In the event, Ajmal bowled 17 overs and conceded 82 runs without taking a wicket, which raised immediate questions over whether the powers he could summon up before his action was deemed illegal have gone. The remodelled version appeared to hold no mysteries for anyone.
Moeen might have been given another chance in the second innings but none was required after Worcestershire were bowled out inside 33 overs for 80, the lowest all out total for the county since the match against Warwickshire in 2012 when they were dismissed for 60 and Warwickshire clinched the title.

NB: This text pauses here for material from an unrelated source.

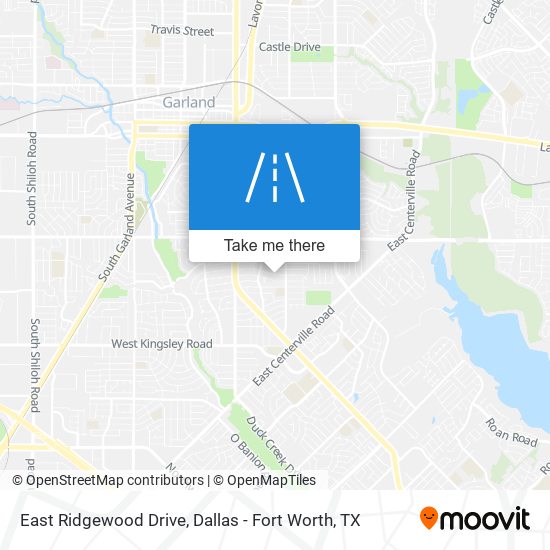 Mapa de East Ridgewood Drive
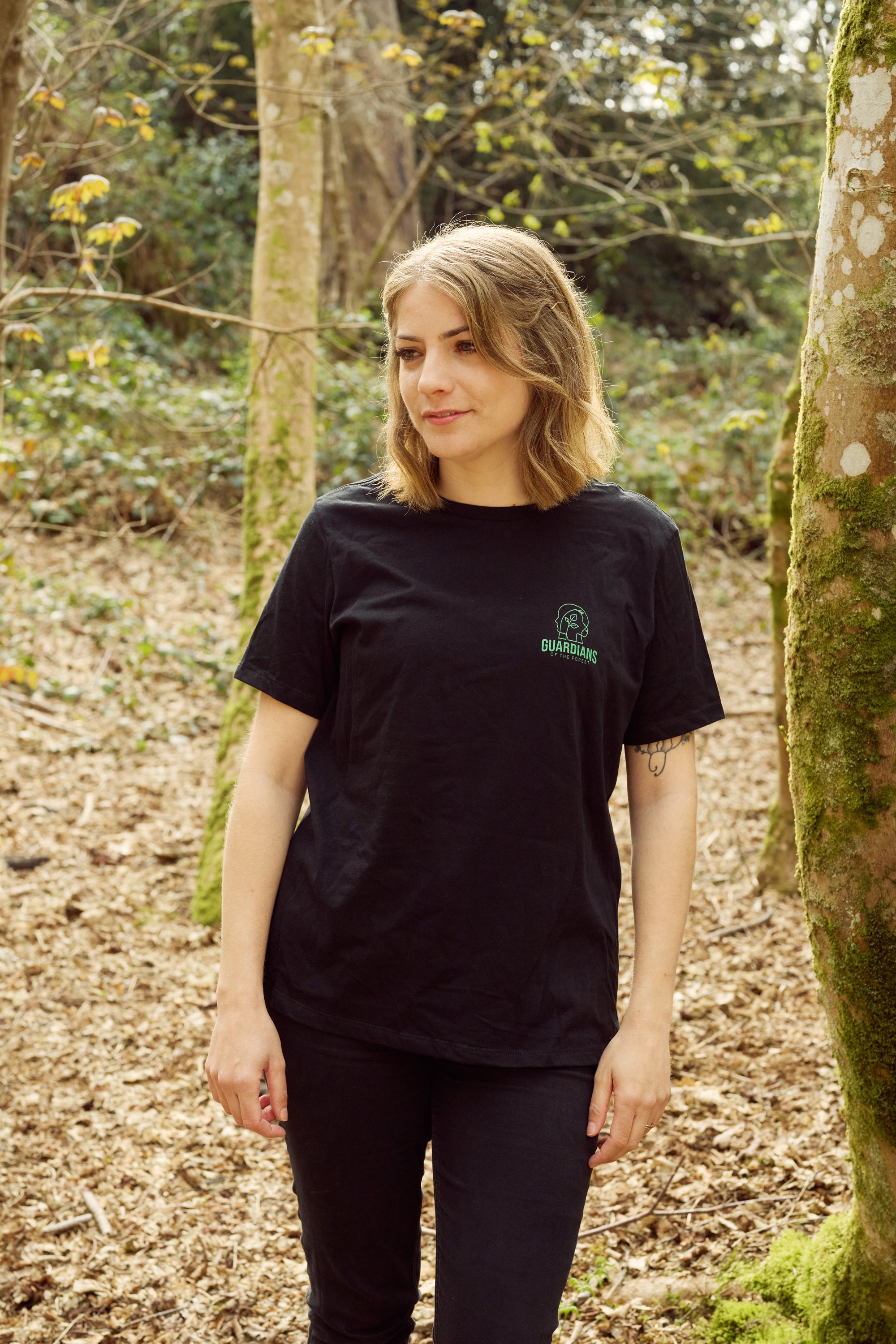 Guardians of the Forest Fitted T-shirt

Bell, who made 111 before he was leg before to Jack Shantry as one of five wickets for the left-arm seamer, looked in good order. To say he has been dropped by England is not really accurate. His omission from the one-day series is more a case of allowing him a break from the treadmill after a relatively lean run of form in the Test side and to suggest he is fighting for a place in the Ashes series is an exaggeration.
In any event, this was an impressive statement of his wellbeing. The way this match concluded may give the impression of a one-sided contest but Warwickshire had been 35 for 4 on Sunday evening before Bell had settled in and on the second morning a difficult opening session had to be negotiated.

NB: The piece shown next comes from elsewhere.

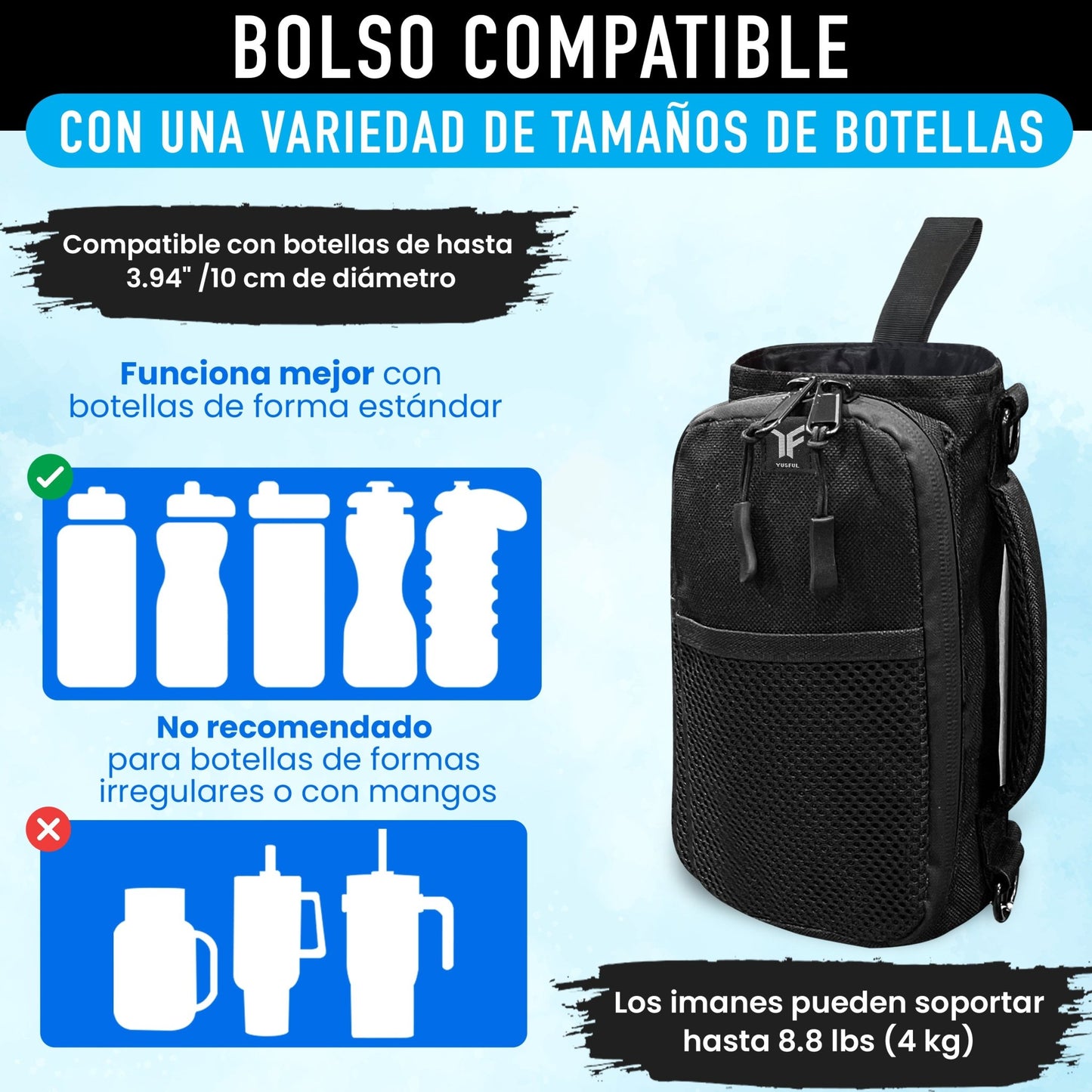 Bolso Magnético para Gym - Se adhiere a máquinas de gimnasio | YUSFUL para gimnasio - YUSFUL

Bell was hit on the hand by one that jumped off a length from Shantry, who had Tim Ambrose caught behind by Ben Cox, standing up, and should have seen off Rikki Clarke by the same method when the allrounder was on 9, only for the wicketkeeper to let the ball slip through his hands. Clarke had a second escape before lunch, dropped at second slip off Charlie Morris. But Bell, a model of concentration and exemplary footwork, completed his hundred from 181 balls with three to midwicket off Ajmal in the fourth over after lunch.
The evidence is that returning to county cricket usually brings Bell back into form. In his last nine appearances for Warwickshire, he has not failed to make at least a half-century in one innings and four times gone on to make a hundred, something he acknowledged afterwards.
"Yes it has been a tricky few Tests but it is not that long ago that I made my last hundred for England and I hope to be part of that for a while to come," he said. "I have been through highs and lows with England and you go in and out of form and it is nice sometimes to step away from the spotlight, work hard in the nets and hopefully with a bit of form I can get into the Ashes and hit the ground running."
Bell shared partnerships of 71 with Ambrose and 135 with Clarke, as Worcestershire's optimism of Sunday evening began to dissolve. After Bell and Clarke had ensured that Warwickshire would have a lead, Keith Barker stretched it to 97 with an unbeaten 50 off 54 balls.
It was a good lead on a pitch that you felt was likely to help Jeetan Patel as the sun grew in intensity but Worcestershire must have felt they could make a game of it, at least. Instead, they were abject and most of the damage was done even before the New Zealand offspinner became involved. Chris Wright, later to hold a very good catch from a steepler put up by Shantry, removed Mitchell and Richard Oliver in his second over. Moeen pulled him for six but was the bowled pushing at one from Barker and a sense of impending doom seemed to descend in that moment.
Resistance was almost non-existent as Boyd Rankin bowled Tom Fell and then Alex Gidman, gaining a third success when Joe Clarke prodded at one outside off stump that Bell caught at third slip. Barker added a couple more to give him seven in the match and Patel wrapped things up, the match ending in the 33rd over of the innings when Charlie Morris hit Patel tamely to mid-off.
Warwickshire, for the moment, climb to second in the table. Worcestershire, who have lost eight times in a row now to their nearest neighbours, have been competitive in several matches so far and have that win over Somerset in the bank. but they will need to shake this out of their system quickly.